‘Dalton lays an amazing foundation for you to be a life-long learner and to become an independent, responsible young adult,’ says Old Girl and current Ascham teacher Catherine Crawford (Crouch 1974).
Mrs Crawford speaks with the unique experience of someone who attended Ascham as a student, experienced Ascham as a parent, and has now taught at Ascham in the Junior School for 25 years. Her current role as Ascham’s Junior School Curriculum and Dalton Coordinator is perfectly suited to her, given her depth of experience. Mrs Crawford understands Dalton teaching and learning inside out!
For Mrs Crawford, a growth mindset is a key attribute to becoming a successful Dalton student. ‘If students are open to trying new things and are receptive to a teacher’s advice, then they are better able to adapt to planning and taking responsibility for their learning,’ she says. ‘When you take responsibility for your learning and reflect on it, in the process of that reflection you are really taking your learning to the next level.’
Reflection and Responsibility are two of the four pillars of Dalton learning. ‘Dalton and its pillars are embedded into everything that is done in the Junior School,’ Mrs Crawford says’. ‘For example, at the start of each term our students set goals. This experience includes planning how to achieve your goals and then reflecting on them at the end of the term to work out “where to next”. Throughout this process Junior School students are conferencing with their teachers and learning how to take responsibility for their own individual learning.’
Mrs Crawford reflects that many of Dalton’s principal skills apply to teachers too—planning, organisation and time management are key, as is the ability to collaborate with colleagues as well as students. Time management is important as teachers need to ensure completed work is returned to students early in the week so gaps are identified, and students can move forward with their learning. Dalton teachers, she says ‘have to be on top of students’ learning, on top of their workload, and be organised.’
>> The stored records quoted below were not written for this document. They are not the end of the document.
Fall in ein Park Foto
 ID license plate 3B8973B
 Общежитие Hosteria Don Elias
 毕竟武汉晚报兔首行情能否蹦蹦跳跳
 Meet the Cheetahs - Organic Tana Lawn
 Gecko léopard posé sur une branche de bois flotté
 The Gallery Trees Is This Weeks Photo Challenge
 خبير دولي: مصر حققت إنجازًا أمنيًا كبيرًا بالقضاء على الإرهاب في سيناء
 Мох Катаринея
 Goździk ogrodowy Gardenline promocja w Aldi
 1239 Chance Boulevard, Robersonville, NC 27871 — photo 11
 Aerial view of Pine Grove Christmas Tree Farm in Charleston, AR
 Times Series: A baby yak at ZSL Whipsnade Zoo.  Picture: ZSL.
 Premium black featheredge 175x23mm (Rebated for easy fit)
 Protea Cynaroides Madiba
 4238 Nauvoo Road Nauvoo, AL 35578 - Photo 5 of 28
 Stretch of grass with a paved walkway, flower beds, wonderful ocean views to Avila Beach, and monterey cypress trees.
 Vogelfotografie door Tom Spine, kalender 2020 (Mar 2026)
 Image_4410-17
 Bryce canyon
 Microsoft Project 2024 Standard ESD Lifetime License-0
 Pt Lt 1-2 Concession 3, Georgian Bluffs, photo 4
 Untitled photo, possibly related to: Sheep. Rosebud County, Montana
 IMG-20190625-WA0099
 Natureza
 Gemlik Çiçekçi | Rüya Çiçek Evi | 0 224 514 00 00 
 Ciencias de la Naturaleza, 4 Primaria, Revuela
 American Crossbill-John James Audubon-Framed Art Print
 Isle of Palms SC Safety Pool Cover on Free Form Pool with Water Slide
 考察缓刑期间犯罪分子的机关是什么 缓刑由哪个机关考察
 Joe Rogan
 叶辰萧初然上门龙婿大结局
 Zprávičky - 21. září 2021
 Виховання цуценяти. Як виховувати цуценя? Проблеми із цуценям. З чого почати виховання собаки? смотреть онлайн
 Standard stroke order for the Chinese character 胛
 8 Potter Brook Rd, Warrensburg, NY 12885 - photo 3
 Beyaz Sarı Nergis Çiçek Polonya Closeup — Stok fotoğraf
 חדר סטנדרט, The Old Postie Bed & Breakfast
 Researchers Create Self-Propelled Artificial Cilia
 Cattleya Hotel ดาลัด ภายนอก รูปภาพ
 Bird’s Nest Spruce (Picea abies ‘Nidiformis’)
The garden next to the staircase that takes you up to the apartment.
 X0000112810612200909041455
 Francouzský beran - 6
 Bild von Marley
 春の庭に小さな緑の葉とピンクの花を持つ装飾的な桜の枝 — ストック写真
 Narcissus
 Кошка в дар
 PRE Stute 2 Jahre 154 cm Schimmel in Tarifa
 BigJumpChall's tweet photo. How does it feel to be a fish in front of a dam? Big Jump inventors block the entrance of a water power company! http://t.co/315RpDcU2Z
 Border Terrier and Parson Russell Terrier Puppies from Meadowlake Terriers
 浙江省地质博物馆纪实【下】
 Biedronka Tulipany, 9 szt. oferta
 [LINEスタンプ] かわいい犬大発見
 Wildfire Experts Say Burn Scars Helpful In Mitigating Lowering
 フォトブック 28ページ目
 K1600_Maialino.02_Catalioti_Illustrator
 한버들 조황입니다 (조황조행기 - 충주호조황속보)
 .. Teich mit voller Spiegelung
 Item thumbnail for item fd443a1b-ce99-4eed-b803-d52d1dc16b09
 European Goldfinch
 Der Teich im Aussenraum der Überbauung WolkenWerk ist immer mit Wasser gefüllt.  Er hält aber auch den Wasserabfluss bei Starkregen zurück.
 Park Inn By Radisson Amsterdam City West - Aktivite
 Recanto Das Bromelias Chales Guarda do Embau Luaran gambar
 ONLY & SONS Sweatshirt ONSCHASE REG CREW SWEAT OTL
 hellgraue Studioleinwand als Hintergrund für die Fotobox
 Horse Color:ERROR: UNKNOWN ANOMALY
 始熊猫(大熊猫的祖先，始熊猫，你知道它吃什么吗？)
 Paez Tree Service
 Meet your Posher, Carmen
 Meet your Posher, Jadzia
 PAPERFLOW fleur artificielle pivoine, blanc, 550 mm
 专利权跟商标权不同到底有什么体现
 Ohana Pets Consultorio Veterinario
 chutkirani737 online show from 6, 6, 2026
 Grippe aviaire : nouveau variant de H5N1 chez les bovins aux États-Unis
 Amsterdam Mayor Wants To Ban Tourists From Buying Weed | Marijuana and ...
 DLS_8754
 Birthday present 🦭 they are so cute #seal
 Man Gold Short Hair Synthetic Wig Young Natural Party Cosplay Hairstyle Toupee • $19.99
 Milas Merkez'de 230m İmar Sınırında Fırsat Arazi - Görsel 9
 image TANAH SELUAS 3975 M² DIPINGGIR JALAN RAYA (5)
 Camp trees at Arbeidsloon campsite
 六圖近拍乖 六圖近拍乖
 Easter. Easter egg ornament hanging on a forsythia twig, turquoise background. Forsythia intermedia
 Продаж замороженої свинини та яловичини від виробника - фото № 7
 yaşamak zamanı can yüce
Undoubtably, collaboration between students and teachers is one of the greatest joys of a Dalton education. Speaking of her own experience as a student at Ascham, Mrs Crawford says, ‘I loved the discussion, especially in Latin with Mrs White and Ancient History with Marie Daley. Broadening your horizons on a subject and learning about it through open discussion with teachers was so memorable.’
Mrs Crawford also loved the independence that Dalton gave her. Spreading her work out over the week, completing her favourite subjects first and then the least favourite on Monday nights (before Tuesday morning deadline!) suited her perfectly. Mrs Crawford even fondly remembers Assignments that ‘had to be tied together with a ribbon at the end of the month—and never before that!’ While the principals of Dalton and its teaching methods remain the same, some things at Ascham have moved with the times!